With Johnson in seemingly unstoppable form, the 32-year-old would have headed into the Shell Houston Open as a hot favourite; but he was only one of five of the world’s top 10 playing at the Golf Club of Houston this week. Jordan Spieth, Henrik Stenson, Adam Scott and Rickie Fowler are all still opting to play. Spieth and Fowler have both had wins in the past two months, but both have also fell short of the top 10 in every outing since. There’s been no win, and only seven top 10s, in the past 23 starts for Scott, whilst it’s been a mixed bag for Stenson who has seven top 10s, including three second places, a missed cut and a withdrawal in just his last nine starts.
A further four from within the world’s top 20 – Rahm, Patrick Reed, Justin Rose and Phil Mickelson – will use the event this week as a foot-finder for next week’s Masters. Scott (2007) and Mickelson (2011) are the only aforementioned to have won here but Stenson – twice, including last year – and Spieth do have runner-up finishes to show for their efforts.
Jim Herman took a one-shot victory over Stenson last year with a final round 68 for his maiden PGA Tour victory aged 38; a fairytale on his return from a hiatus from Tour golf to hone his skills as a teaching professional. Scott, Mickelson, J.B. Holmes, Matt Jones, Hunter Mahan, Johnson Wagner and two-time winner Stuart Appleby will join Herman as returning past winners.

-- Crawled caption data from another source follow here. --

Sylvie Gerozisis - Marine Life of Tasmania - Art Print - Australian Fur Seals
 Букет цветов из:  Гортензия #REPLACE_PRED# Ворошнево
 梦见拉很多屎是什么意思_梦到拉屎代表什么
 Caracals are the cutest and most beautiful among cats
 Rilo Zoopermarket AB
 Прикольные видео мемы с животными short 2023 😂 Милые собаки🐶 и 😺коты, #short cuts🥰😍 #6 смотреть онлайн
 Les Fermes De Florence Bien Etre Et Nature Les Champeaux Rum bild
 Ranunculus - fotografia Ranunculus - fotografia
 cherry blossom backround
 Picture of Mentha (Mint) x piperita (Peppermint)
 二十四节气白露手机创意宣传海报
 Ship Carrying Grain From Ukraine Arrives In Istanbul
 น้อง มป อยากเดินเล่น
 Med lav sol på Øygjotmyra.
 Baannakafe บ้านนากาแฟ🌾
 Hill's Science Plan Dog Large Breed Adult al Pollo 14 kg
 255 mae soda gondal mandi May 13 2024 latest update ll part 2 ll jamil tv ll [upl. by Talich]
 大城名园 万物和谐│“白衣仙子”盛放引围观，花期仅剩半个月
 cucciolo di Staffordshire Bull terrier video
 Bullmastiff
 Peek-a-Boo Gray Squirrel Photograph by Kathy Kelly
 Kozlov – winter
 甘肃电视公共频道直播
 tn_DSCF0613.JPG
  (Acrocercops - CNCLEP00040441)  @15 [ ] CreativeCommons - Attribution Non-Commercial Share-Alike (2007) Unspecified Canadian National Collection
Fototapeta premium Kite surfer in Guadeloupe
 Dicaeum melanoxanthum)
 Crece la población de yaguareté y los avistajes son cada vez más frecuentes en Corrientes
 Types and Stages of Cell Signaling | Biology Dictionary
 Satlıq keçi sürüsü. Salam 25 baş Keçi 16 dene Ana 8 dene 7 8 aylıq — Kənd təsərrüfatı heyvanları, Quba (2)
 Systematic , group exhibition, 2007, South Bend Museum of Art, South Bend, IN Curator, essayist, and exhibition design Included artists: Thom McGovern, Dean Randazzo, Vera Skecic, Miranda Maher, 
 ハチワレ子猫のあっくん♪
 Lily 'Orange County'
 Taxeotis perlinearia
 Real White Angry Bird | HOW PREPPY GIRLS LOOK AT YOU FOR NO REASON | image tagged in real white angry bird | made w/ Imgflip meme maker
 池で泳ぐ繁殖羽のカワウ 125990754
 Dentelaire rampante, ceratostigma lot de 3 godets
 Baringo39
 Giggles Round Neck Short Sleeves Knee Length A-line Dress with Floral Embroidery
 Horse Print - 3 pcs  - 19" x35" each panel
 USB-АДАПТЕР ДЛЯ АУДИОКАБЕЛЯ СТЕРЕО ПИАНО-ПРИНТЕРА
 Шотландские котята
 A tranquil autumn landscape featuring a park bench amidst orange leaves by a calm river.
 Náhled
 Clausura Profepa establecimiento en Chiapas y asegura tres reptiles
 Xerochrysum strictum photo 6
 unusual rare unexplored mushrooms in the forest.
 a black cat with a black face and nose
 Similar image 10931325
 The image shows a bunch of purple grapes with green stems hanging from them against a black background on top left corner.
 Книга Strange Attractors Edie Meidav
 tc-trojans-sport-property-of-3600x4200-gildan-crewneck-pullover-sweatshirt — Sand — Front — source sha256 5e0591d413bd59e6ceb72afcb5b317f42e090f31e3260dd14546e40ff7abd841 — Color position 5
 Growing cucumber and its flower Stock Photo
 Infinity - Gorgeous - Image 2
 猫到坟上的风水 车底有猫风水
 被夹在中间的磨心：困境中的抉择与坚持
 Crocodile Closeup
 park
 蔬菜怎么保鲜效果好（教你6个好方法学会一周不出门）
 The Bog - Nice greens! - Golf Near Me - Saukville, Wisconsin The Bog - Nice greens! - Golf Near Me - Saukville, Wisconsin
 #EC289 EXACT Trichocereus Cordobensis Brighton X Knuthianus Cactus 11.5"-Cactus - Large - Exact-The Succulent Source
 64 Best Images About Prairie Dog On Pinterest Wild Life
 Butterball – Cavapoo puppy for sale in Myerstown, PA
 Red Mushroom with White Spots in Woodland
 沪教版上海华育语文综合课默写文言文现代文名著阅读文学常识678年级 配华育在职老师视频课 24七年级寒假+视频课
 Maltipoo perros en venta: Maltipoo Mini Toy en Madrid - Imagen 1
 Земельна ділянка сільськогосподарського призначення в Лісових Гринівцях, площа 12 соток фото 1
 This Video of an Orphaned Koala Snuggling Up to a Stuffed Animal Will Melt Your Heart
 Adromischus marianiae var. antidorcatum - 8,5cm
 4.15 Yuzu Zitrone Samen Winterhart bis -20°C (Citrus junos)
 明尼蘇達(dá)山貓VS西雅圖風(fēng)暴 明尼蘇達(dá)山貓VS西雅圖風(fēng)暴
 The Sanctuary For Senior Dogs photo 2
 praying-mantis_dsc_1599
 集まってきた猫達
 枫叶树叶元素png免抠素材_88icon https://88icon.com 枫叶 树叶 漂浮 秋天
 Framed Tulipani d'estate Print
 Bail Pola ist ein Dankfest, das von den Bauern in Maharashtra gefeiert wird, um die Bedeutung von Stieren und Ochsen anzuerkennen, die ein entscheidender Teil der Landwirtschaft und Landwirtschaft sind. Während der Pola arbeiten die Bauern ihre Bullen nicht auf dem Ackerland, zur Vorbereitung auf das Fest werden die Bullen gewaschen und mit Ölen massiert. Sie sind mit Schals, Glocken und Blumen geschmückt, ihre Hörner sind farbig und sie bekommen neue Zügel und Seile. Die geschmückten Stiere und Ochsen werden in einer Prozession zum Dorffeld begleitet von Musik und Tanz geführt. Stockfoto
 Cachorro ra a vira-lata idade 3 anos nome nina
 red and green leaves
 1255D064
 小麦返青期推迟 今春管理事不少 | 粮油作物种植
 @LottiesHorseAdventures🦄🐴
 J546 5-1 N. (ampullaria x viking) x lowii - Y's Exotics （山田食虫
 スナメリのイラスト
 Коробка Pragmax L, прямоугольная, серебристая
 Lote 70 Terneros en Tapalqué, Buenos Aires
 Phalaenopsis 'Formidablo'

Whilst the Shell Houston Open may offer needed groundwork for the Masters for some players, the damning stat is that only two winners of this event have gone on to finish in the top 15 at the Masters the following week.
The Golf Club of Houston, a just-under 7500 yard par 72, continues as host as it has done since 2003. Continuity does end this year, though, as Shell has withdrawn its sponsorship for next year onwards and so, for the first time since 1992, the event will take a new name next year.
Some players have opted for rest ahead of the Masters. Some players have opted for tournament practice. But for some, who currently aren’t attending Augusta National, the Shell Houston Open offers a final chance to earn a Masters invitation with a win.